Gold prices climbed sharply on Thursday, extending gains from the previous session as escalating tensions in the Middle East and broader economic uncertainties pushed investors into safe-haven assets.
Spot gold rose around 0.8%, trading above $5,160 per ounce, while U.S. gold futures also strengthened, reflecting heightened risk aversion in global markets.
The advance in bullion comes as conflict in the Middle East entered a sixth day, with joint U.S. and Israeli forces conducting strikes across Iran, and Tehran retaliating with missile launches targeting neighbouring states and critical infrastructure.

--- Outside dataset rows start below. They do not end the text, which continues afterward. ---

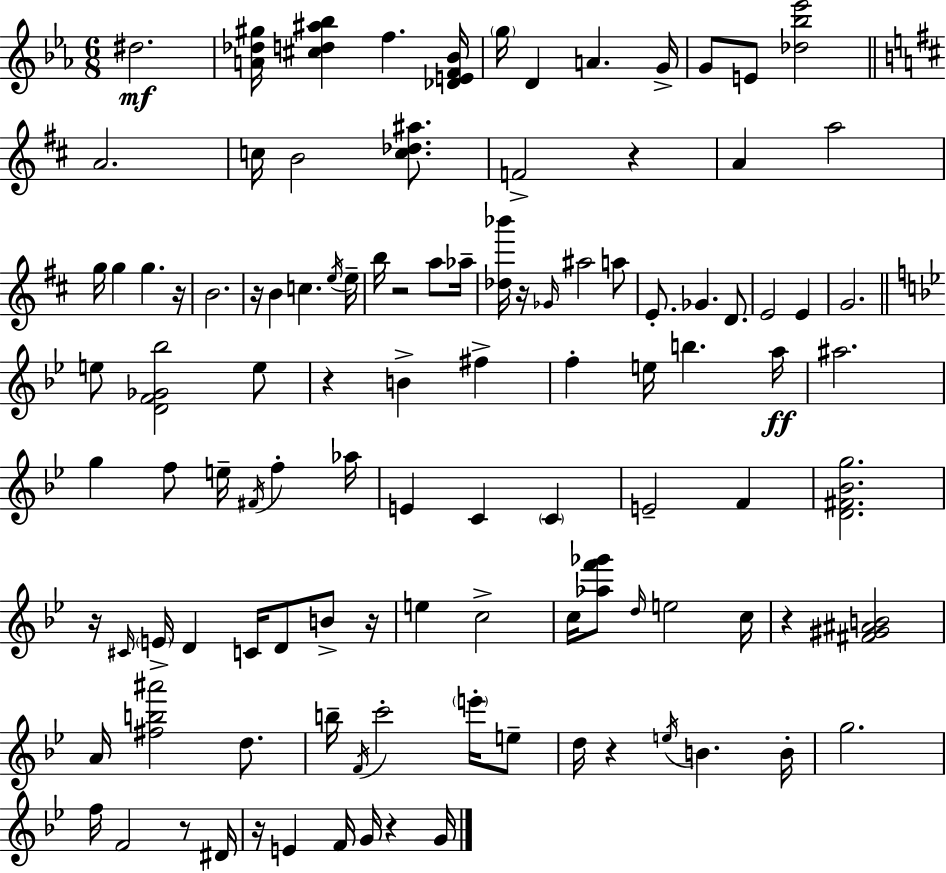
X:1
T:Untitled
M:6/8
L:1/4
K:Eb
^d2 [A_d^g]/4 [^cd^a_b] f [_DEF_B]/4 g/4 D A G/4 G/2 E/2 [_d_b_e']2 A2 c/4 B2 [c_d^a]/2 F2 z A a2 g/4 g g z/4 B2 z/4 B c e/4 e/4 b/4 z2 a/2 _a/4 [_d_b']/4 z/4 _G/4 ^a2 a/2 E/2 _G D/2 E2 E G2 e/2 [DF_G_b]2 e/2 z B ^f f e/4 b a/4 ^a2 g f/2 e/4 ^F/4 f _a/4 E C C E2 F [D^F_Bg]2 z/4 ^C/4 E/4 D C/4 D/2 B/2 z/4 e c2 c/4 [_af'_g']/2 d/4 e2 c/4 z [^F^G^AB]2 A/4 [^fb^a']2 d/2 b/4 F/4 c'2 e'/4 e/2 d/4 z e/4 B B/4 g2 f/4 F2 z/2 ^D/4 z/4 E F/4 G/4 z G/4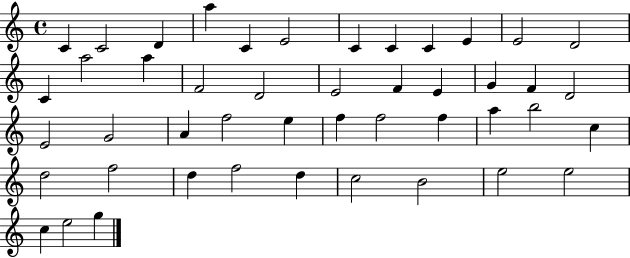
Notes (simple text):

C4/q C4/h D4/q A5/q C4/q E4/h C4/q C4/q C4/q E4/q E4/h D4/h C4/q A5/h A5/q F4/h D4/h E4/h F4/q E4/q G4/q F4/q D4/h E4/h G4/h A4/q F5/h E5/q F5/q F5/h F5/q A5/q B5/h C5/q D5/h F5/h D5/q F5/h D5/q C5/h B4/h E5/h E5/h C5/q E5/h G5/q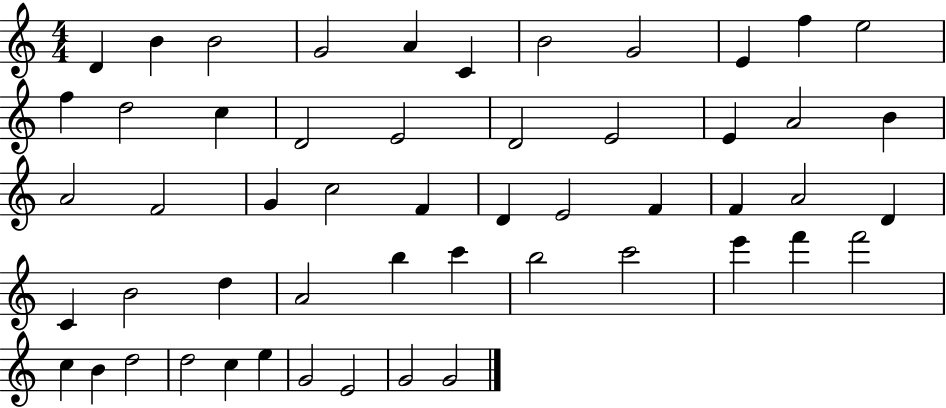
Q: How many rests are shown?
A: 0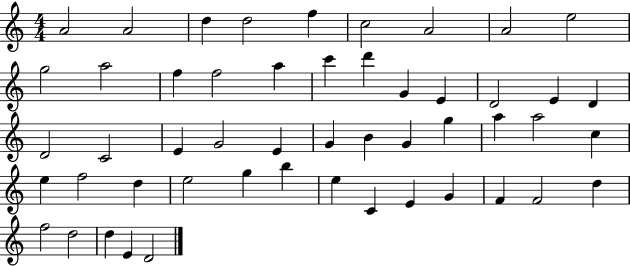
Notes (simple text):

A4/h A4/h D5/q D5/h F5/q C5/h A4/h A4/h E5/h G5/h A5/h F5/q F5/h A5/q C6/q D6/q G4/q E4/q D4/h E4/q D4/q D4/h C4/h E4/q G4/h E4/q G4/q B4/q G4/q G5/q A5/q A5/h C5/q E5/q F5/h D5/q E5/h G5/q B5/q E5/q C4/q E4/q G4/q F4/q F4/h D5/q F5/h D5/h D5/q E4/q D4/h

The intensifying hostilities have rattled markets, with investors closely watching developments around the Strait of Hormuz, a key chokepoint for global oil and gas shipments.
The safe-haven appeal of gold has been reinforced by rising oil and gas prices, which have revived global inflation concerns. Higher energy costs can feed into broader consumer prices, complicating the inflation outlook and prompting traders to push back expectations for interest-rate cuts by the U.S. Federal Reserve.
Markets are now pricing in a first rate reduction as late as September and anticipate fewer total cuts in 2026, as policymakers weigh persistent price pressures against economic growth.
In addition to geopolitical uncertainty, investors are monitoring U.S. trade policy. Treasury Secretary Scott Bessent said a global 15% tariff on imported goods is expected to take effect this week, with rates likely reverting within five months. The potential impact on trade and supply chains adds to gold’s appeal as a hedge.
Gold’s rally reflects a broader shift in risk sentiment, with traders seeking refuge in the metal as equities remain under pressure and bond markets adjust to a slower anticipated pace of monetary easing.
Bullion’s gains this year have been significant, supported by both geopolitical risk and macroeconomic concerns, reinforcing its status as a key safe-haven asset.